Der Oberländische Kanal

Ein Kanalsystem wurde konzipiert für die Strecke Osterode nach Elbing mit einem Abzweig bei Mylomlyn – Liebemühl nach Ilawa – Deutsch Eylau am Geserichsee (jez. Jeziorak) und damit auch nach Zalewo – Saalfeld. Es sollte das wirtschaftliche Einzugsgebiet Elbings vergrößern, andererseits Deutsch Eylau und Osterode besser mit dem Frischen Haff verbinden.

Eine erste Anregung dazu gab es bereits 1825. Ein Vorbild zum Bau von Geneigten Ebenen existierte damals im Pennsylvania Kanal System, wo zwischen Hollidaysburg und Johnstown zwei Kanalenden durch eine 36 Meilen lange Eisenbahnlinie verbunden wurden, die über die Allegheny-Bergkette geführt wurde. Dabei schuf man zwischen 1829 und 1834 jeweils 5 geneigte Ebenen aufwärts und abwärts, auf denen die Schiffe, die auf die Eisenbahnwaggons verladen worden waren, hinauf und hinunter transportiert wurden. Ähnliches gab es offenbar im Verlauf des Morriskanal, der aus dem Legigh, einem Nebenfluss des Susquehannah, nach New York führte. Im nebenstehenden Bild des Pennsylvania Kanalstraßen symbolisiert Punkt 18 den Schiffstransport über die Berge und bei Punkt 1, dem Standort des berühmten nationalen Kanal-Museums der Vereinigten Staaten in Easton, beginnt der Morriskanal nach rechts.

Die Planung des Kanals für Ostpreußen dauerte dann fast 20 Jahre bis 1844. Nach 8 Jahren Bauzeit war ein Teilbereich bis Liebemühl und Deutsch Eylau fertiggestellt. Seit 1852 verkehrten zwischen Deutsch Eylau und Elbing Schiffe der Firma “Reederei Matzmor” (Schraubendampfer “Martha” und “Ernst”). Ein Transportunternehmen aus Saalfeld namens Munter verfügte über das Schiff “Ursula”.

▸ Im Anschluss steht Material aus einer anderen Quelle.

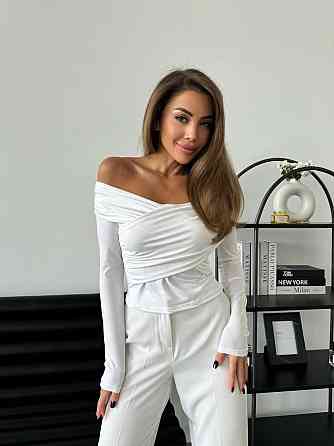 Жіночий романтичний лонгслів зі спущеними плечима трикотаж масло Одеса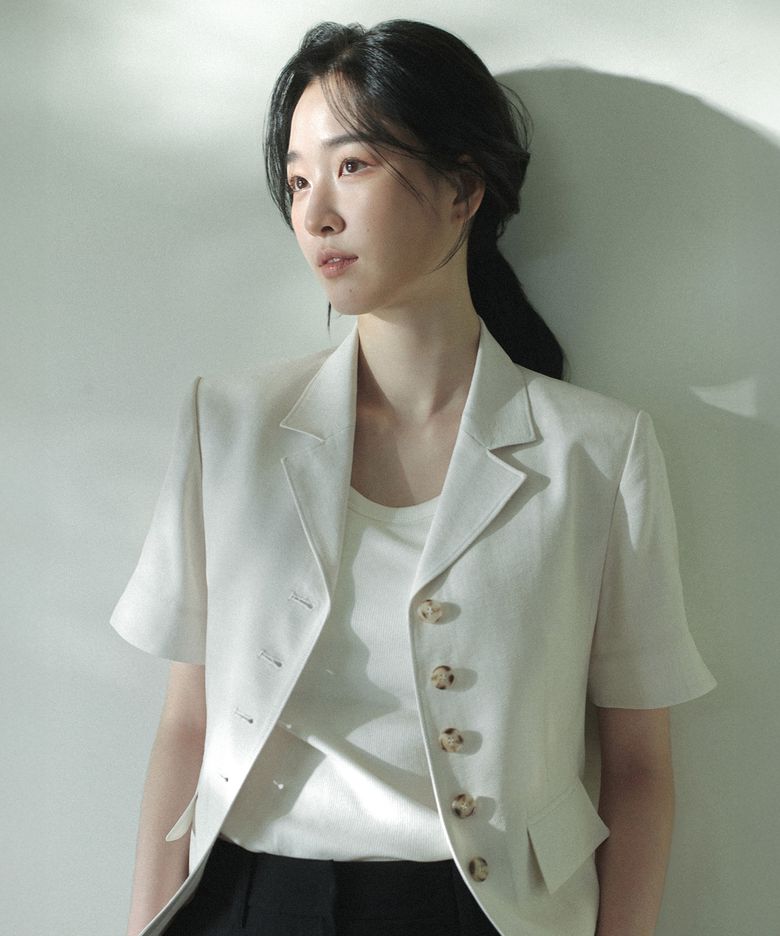 [W]버튼 포인트 베이지 반팔 자켓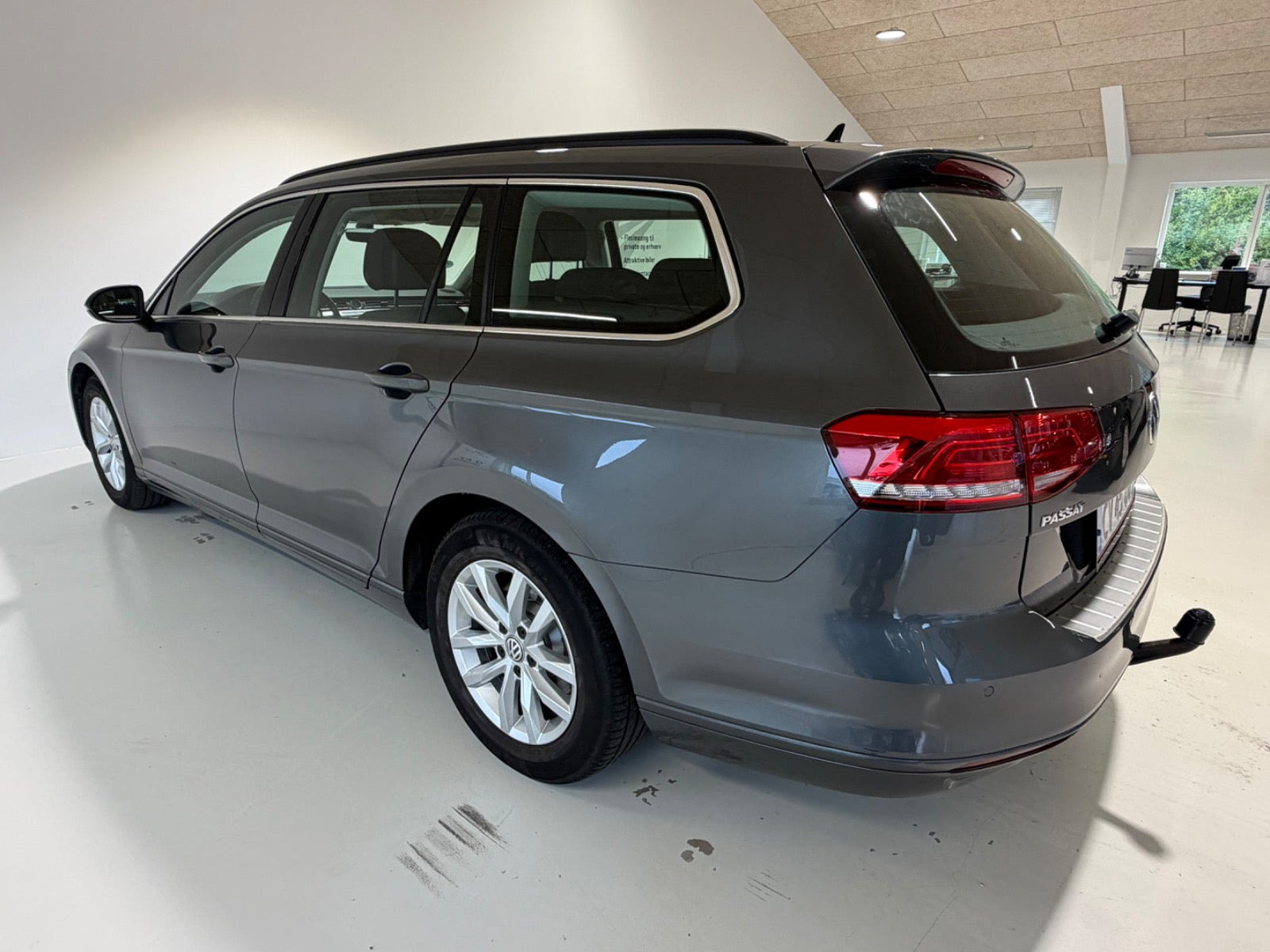 Grå VW Passat fra 2015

Die Strecke von Liebemühl nach Osterode hat man offiziell erst im Jahre 1860 eröffnet, obwohl das erste Schiff aus Elbing nach Osterode schon im Jahre 1858 angekommen war. Den letzten Abschnitt des Kanalsystems von Osterode bis Alt Jablonken über den Pausensee hat man erst 1873 dem Verkehr übergeben.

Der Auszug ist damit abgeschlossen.